**Task description**
Retype every record exactly. Skip the images.

##### Material shown

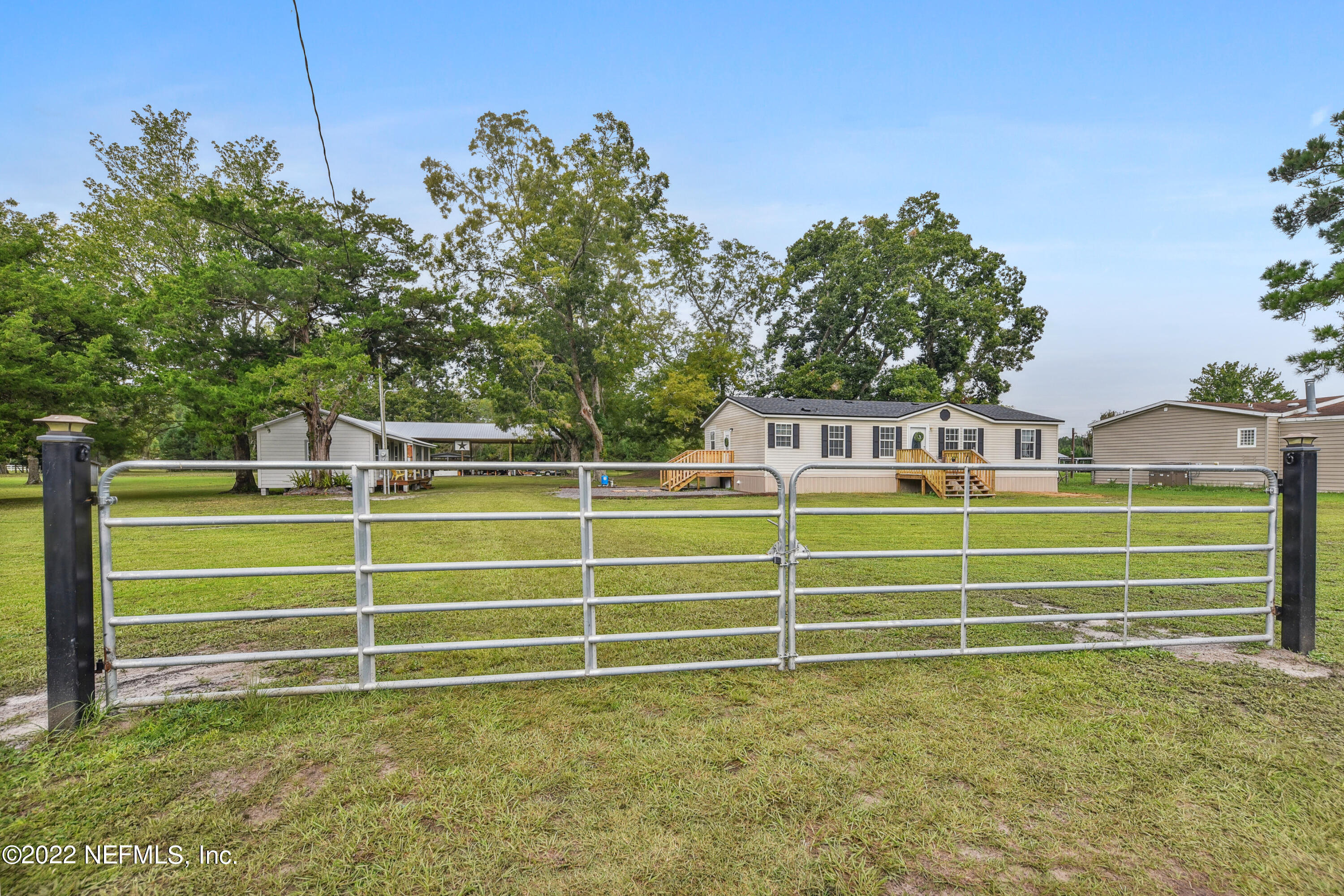 836 Halsema Road South Jacksonville, FL 32221 - Photo 2 of 31 a view of a green field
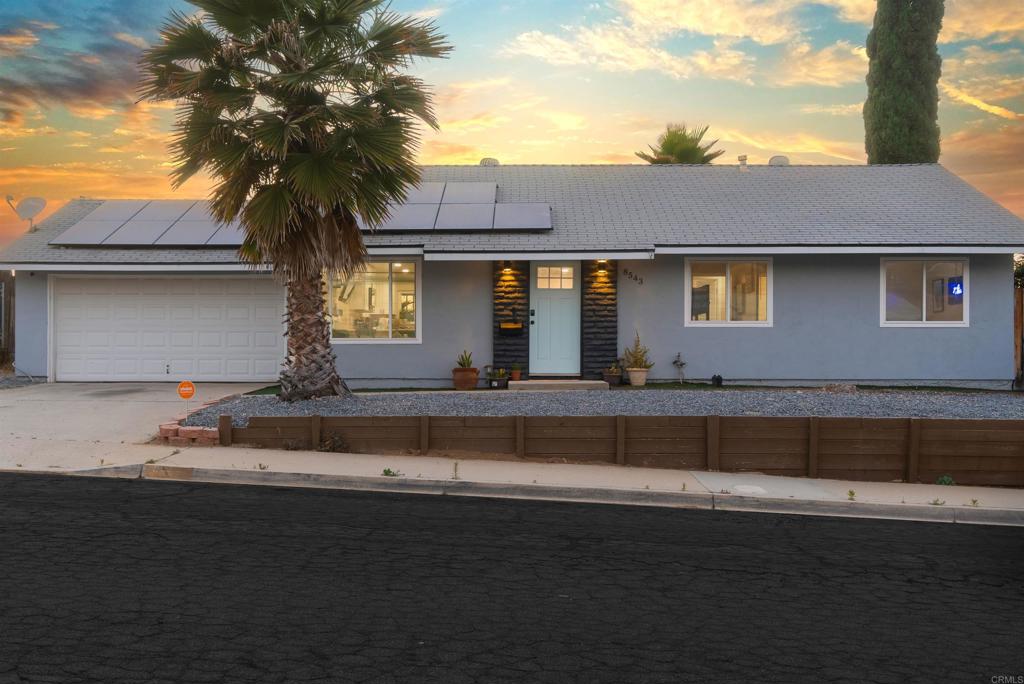 8543 Via Consuelo El Cajon, CA 92021 - Photo 35 of 51 a front view of a house with a garden and yard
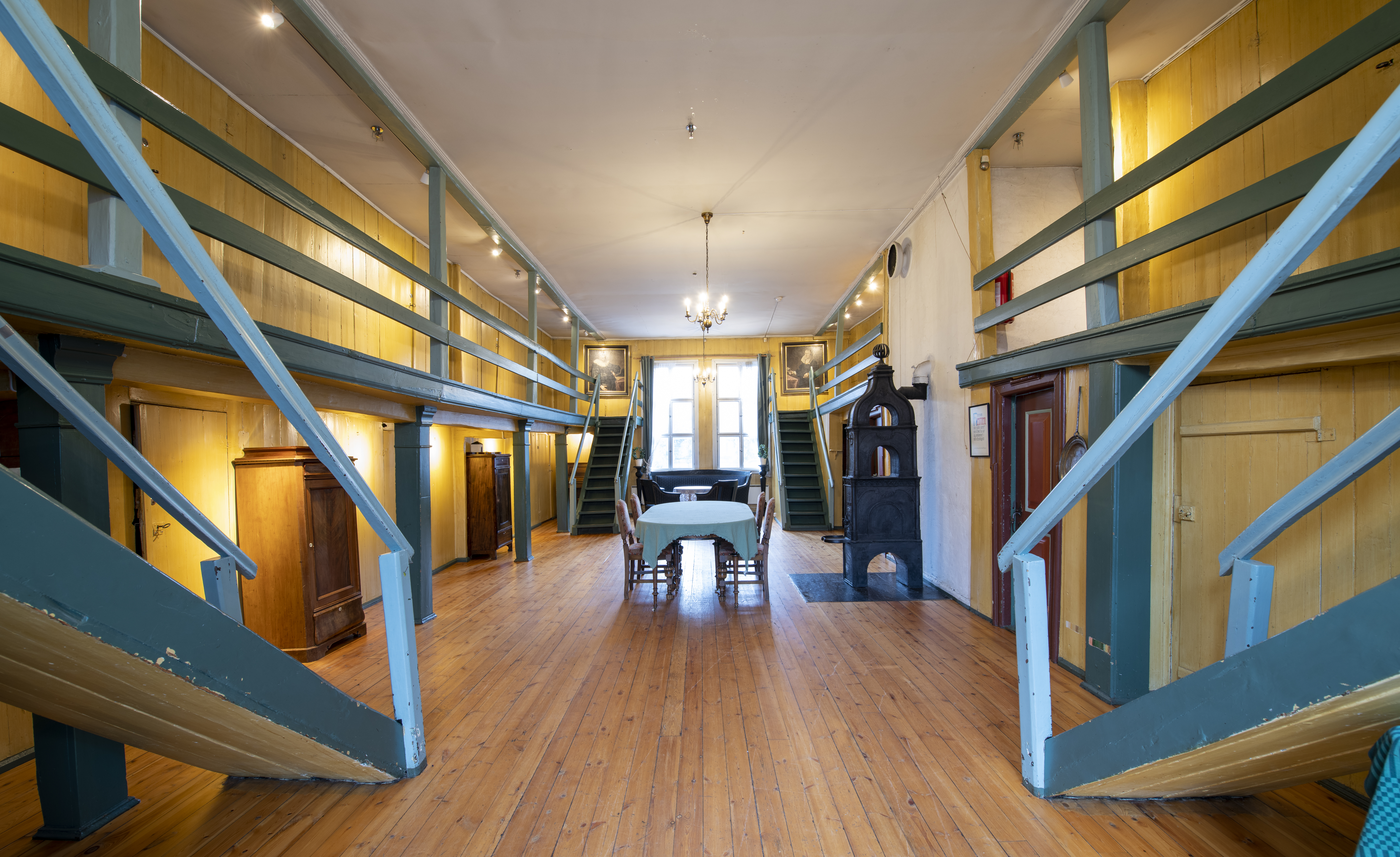 Historic wooden interior with long tables, staircases on both sides, and a black cast-iron stove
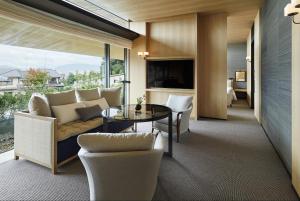 a living room with a couch and a table at Park Hyatt Kyoto in Kyoto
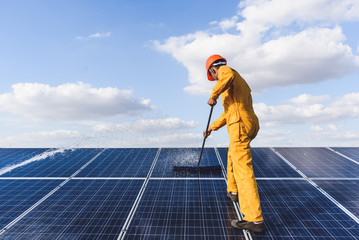 Worker cleaning solar panels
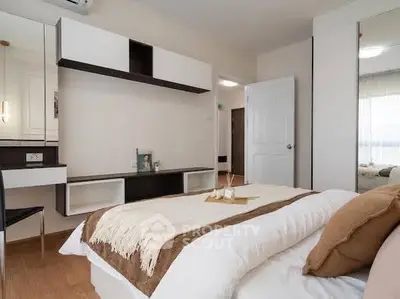 Cozy bedroom with modern decor and natural light, featuring a comfortable bed and stylish shelving.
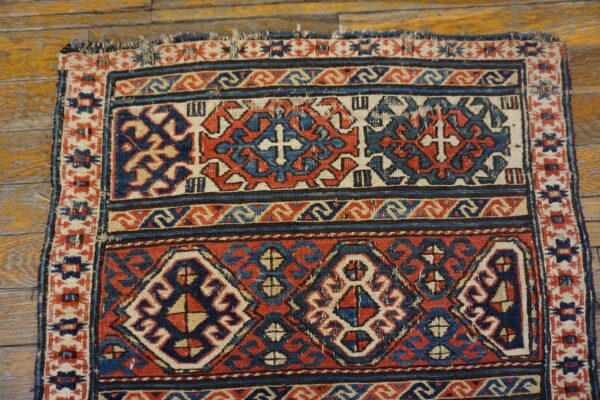 Geometric red, blue, and beige rug with repeating medallions and crosses on rustic hardwood flooring.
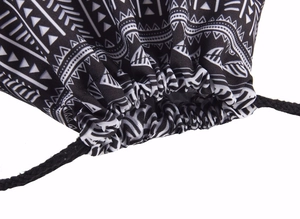 Close-up of geometric pattern drawstring bag showing black and white tribal print and cords
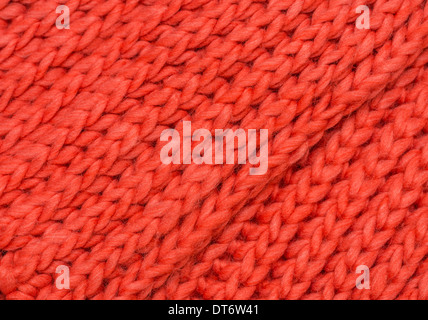 Red knitted merino wool background stockinette stitch Stock Photo
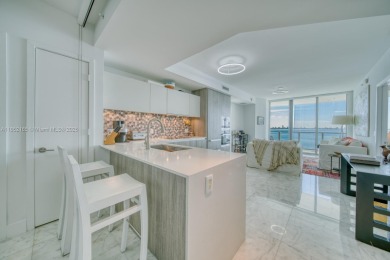 Experience breathtaking Biscayne Bay views from this 2 bed + den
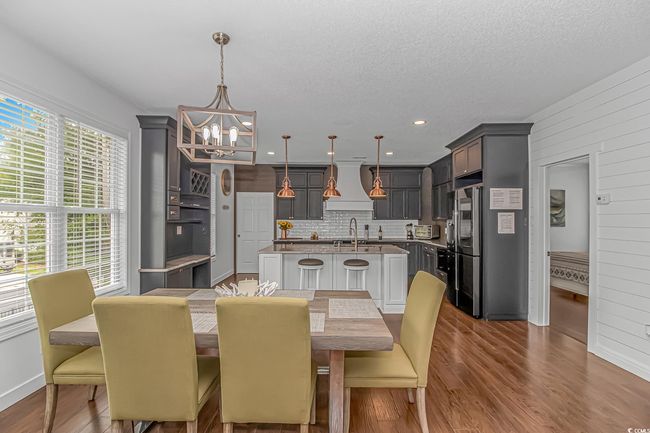 Dining space featuring a chandelier, dark wood-type flooring, baseboards, wood walls, and a textured ceiling | Image 8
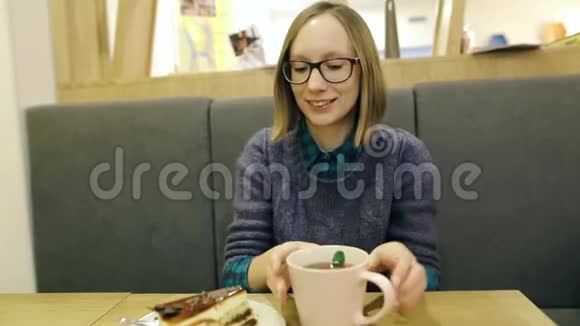 年轻漂亮的戴眼镜的女孩在咖啡馆喝了无味的茶后做了个鬼脸不满意的顾客感到震惊视频的预览图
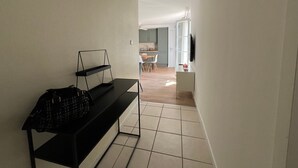 Um corredor com um banco, uma área de refeições com mesa e cadeiras, e uma cozinha ao fundo.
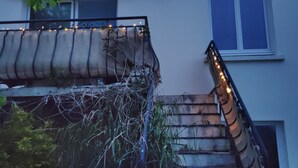Une maison à deux étages avec un escalier menant à l’étage supérieur, un balcon décoré de guirlandes lumineuses et une fenêtre offrant une vue sur le ciel.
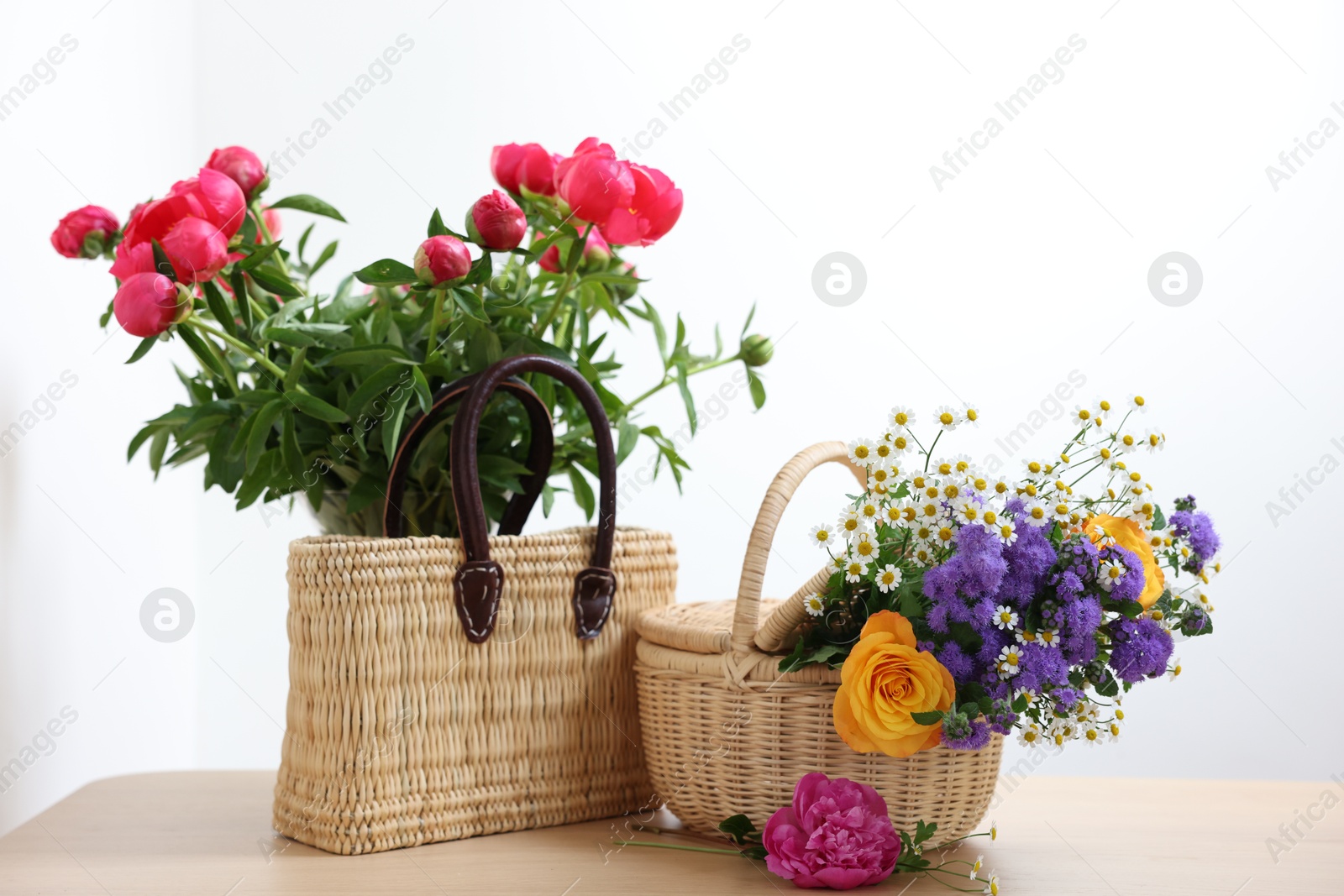 Photo of Wicker baskets with beautiful flowers on light wooden table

##########

**Result of this task**
 836 Halsema Road South Jacksonville, FL 32221 - Photo 2 of 31 a view of a green field
 8543 Via Consuelo El Cajon, CA 92021 - Photo 35 of 51 a front view of a house with a garden and yard
 Historic wooden interior with long tables, staircases on both sides, and a black cast-iron stove
 a living room with a couch and a table at Park Hyatt Kyoto in Kyoto
 Worker cleaning solar panels
 Cozy bedroom with modern decor and natural light, featuring a comfortable bed and stylish shelving.
 Geometric red, blue, and beige rug with repeating medallions and crosses on rustic hardwood flooring.
 Close-up of geometric pattern drawstring bag showing black and white tribal print and cords
 Red knitted merino wool background stockinette stitch Stock Photo
 Experience breathtaking Biscayne Bay views from this 2 bed + den
 Dining space featuring a chandelier, dark wood-type flooring, baseboards, wood walls, and a textured ceiling | Image 8
 年轻漂亮的戴眼镜的女孩在咖啡馆喝了无味的茶后做了个鬼脸不满意的顾客感到震惊视频的预览图
 Um corredor com um banco, uma área de refeições com mesa e cadeiras, e uma cozinha ao fundo.
Une maison à deux étages avec un escalier menant à l’étage supérieur, un balcon décoré de guirlandes lumineuses et une fenêtre offrant une vue sur le ciel.
 Photo of Wicker baskets with beautiful flowers on light wooden table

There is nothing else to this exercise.